### Provided data

====

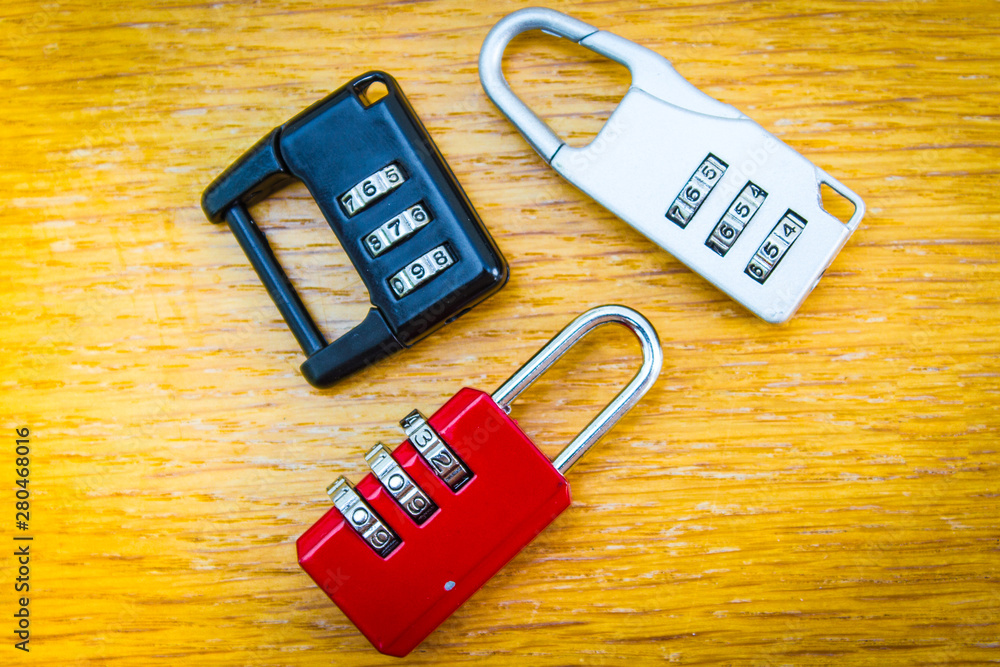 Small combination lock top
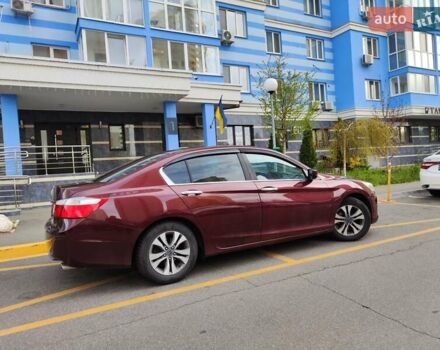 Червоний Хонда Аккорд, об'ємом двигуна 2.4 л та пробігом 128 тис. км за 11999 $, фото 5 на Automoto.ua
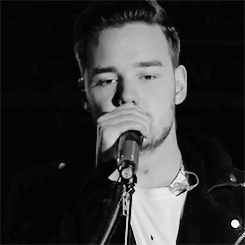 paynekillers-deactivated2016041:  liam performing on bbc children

====

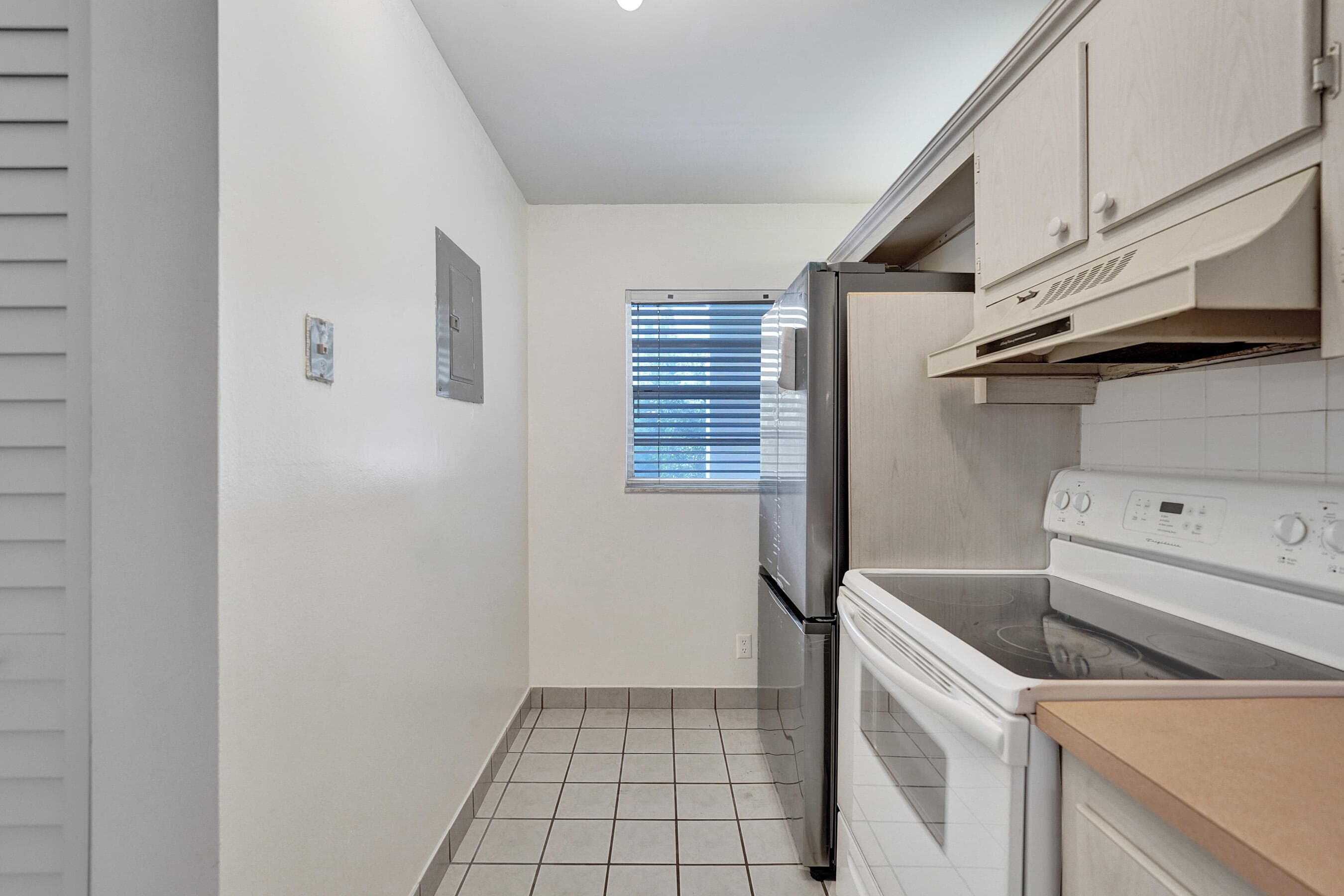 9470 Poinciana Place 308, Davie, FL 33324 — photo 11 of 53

====

### The problem
Treat the line with "Small combination lock top" as the start and the line with "on bbc children" as the end, and return exactly that span of the data above, both ends included, without pictures.

### Problem solution
 Small combination lock top
 Червоний Хонда Аккорд, об'ємом двигуна 2.4 л та пробігом 128 тис. км за 11999 $, фото 5 на Automoto.ua
 paynekillers-deactivated2016041:  liam performing on bbc children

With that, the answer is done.